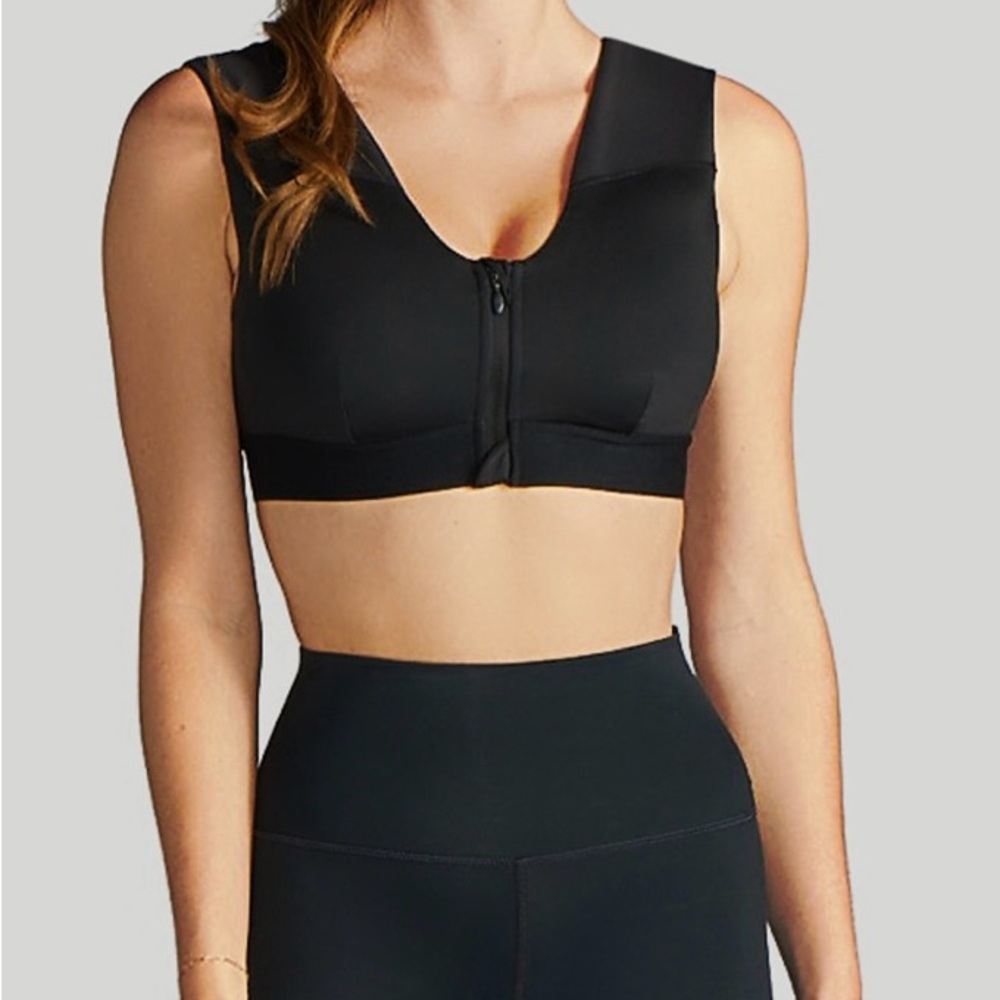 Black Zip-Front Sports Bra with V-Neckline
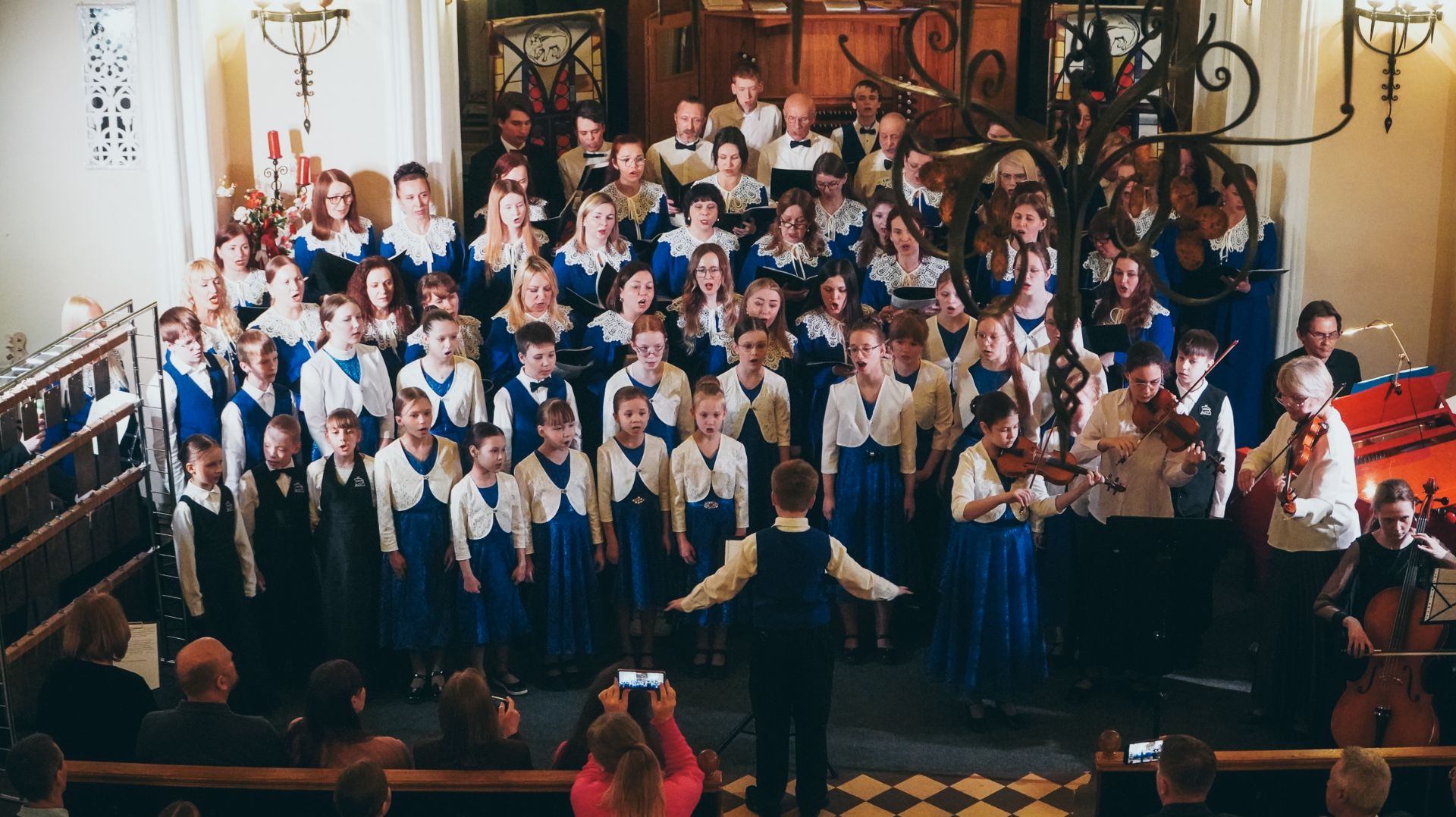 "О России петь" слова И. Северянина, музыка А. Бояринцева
━━━━━━━━━━
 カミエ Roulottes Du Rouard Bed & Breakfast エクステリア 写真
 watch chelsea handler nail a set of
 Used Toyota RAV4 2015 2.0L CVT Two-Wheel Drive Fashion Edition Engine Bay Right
━━━━━━━━━━
### Exercise goal
Exactly the lines above from the one that contains "Black Zip-Front Sports Bra with V-Neckline" down to the one that contains "музыка А. Бояринцева" are to be output, both ends kept and pictures omitted.

### Your response
 Black Zip-Front Sports Bra with V-Neckline
 "О России петь" слова И. Северянина, музыка А. Бояринцева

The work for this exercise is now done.